In an opinion filed February 16, 2018, the Superior Court of Pennsylvania vacated judgement in favor of the Tincher plaintiffs and remanded the case for a new trial. The central issue in the decision was the trial court’s failure to properly instruct the jury on the definition of “defect” in a product liability — design defect — case.
How did we get back to Tincher again?
Some readers may be wondering why we are talking about Tincher again since the Pennsylvania Supreme Court issued its landmark decision in the matter back in 2014. The following is a relatively quick synopsis of the procedural history:
- The Supreme Court remanded the case to the trial court to decide whether further action was needed on post-trial motions.
- The defendant, Omega Flex, Inc. asked the trial court for a new trial and on March 22, 2016 the trial court denied Omega Flex’s request.
- Omega Flex had sought a new trial because the trial court had instructed the jury with Azzarello instructions regarding the definition of “defect.” The trial court essentially reasoned that the jury would have reached the same result regardless of the instructions.
- Omega Flex appealed the trial court’s ruling, resulting in this new opinion from the Superior Court.
The “defect” definition at issue
At the trial court level, the judge initially charged the jury, including about what constituted a defect and the jury then asked the court twice (on separate days) to define “defective.” The trial court’s response was as follows:
The manufacturer of a product is a guarantor of its safety in the strict liability sense, all right, the product must be provided with every element necessary to make it safe for its intended use. And without any condition that makes it unsafe for its intended use.
If you find that the product at the time it left the defendants’ control lacked any element necessary to make it safe for its intended use, or contained any condition that made it unsafe for its intend use, then the product was defective and the defendant is liable for harm caused by the defect.
The above language comes, in part from Azzarello, which required a product have “every element necessary to make it safe for use.” The Supreme Court’s decision in Tincher explicitly overruled Azzarello. That lead the Superior Court to determine that “that there is no question that the trial court’s jury charge was incorrect.” The Superior Court explained that it is erroneous to include “a definition equating a defective product with one that leaves the suppliers’ control lacking any element necessary to make it safe for its intended use,” and declares a manufacturer is the guarantor of the product’s safety.

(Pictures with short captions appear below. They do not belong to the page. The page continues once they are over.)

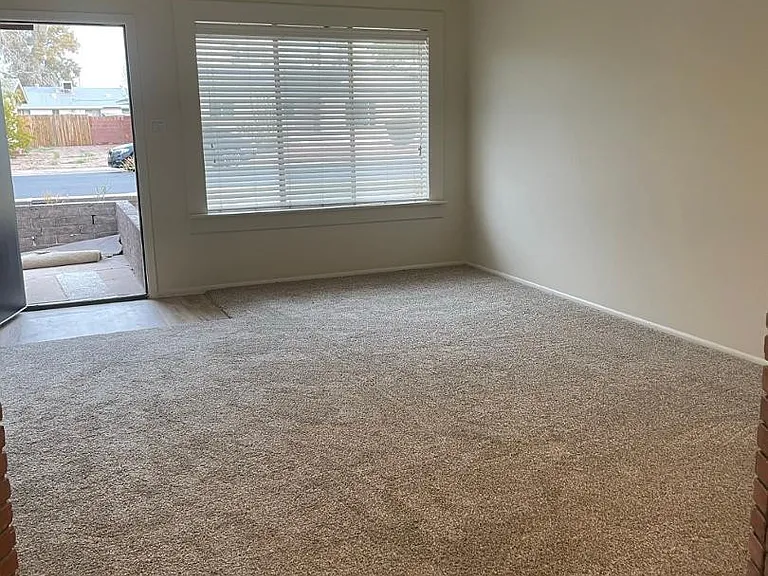 531 E Laguna Dr — Photo 5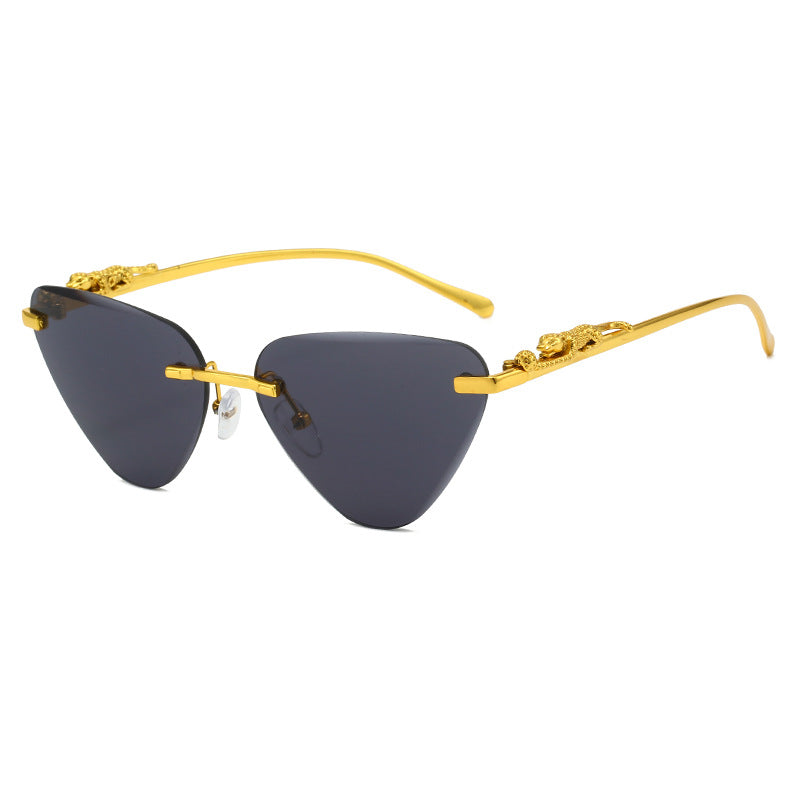 Damen Designer-Sonnenbrille mit kreativem, dreieckigem Rahmen und elegante goldene Akzente Karnz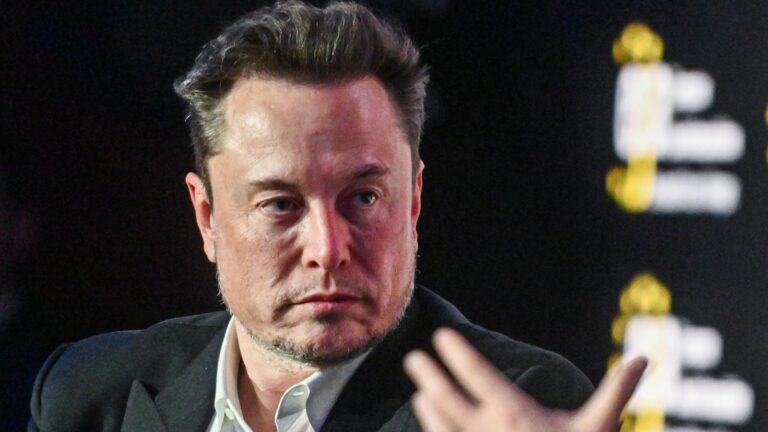 Elon Musk’s X prehral súd s Bright Data kvôli zoškrabovaniu dát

The Superior Court explained that the erroneous jury instruction required a new trial as it dealt with the principal issue disputed by the parties — whether there was a defect.
Moving forward
Product liability defendants and their attorneys need to be prepared to challenge the current construct of the Pennsylvania Suggested Standard Civil Jury Instructions. Pa SSJI (Civ) Sec. 16.10 which was considered and published after the Supreme Court’s decision in Tincher reads, in part, as follows:
A product is defective and the defendant is liable for all harm caused by the product if you find that:
- at the time the product left [name of defendant]‘s control, it lacked any element necessary to make it safe for [its intended] use [or use in an unintended but reasonably foreseeable way], or contained any condition that made it unsafe for [its intended] use [or use in an unintended but reasonably foreseeable way]; and
- the product reached the user or consumer without substantial change in the condition in which it is sold.
The Superior Court’s opinion should provide trial court judges with clarity that jury instructions should not include language suggesting a product is defective if it lacked any element necessary to make it safe for its intended use. Product liability defendants and their counsel can utilize the Superior Court’s opinion when crafting and submitting their proposed jury instructions.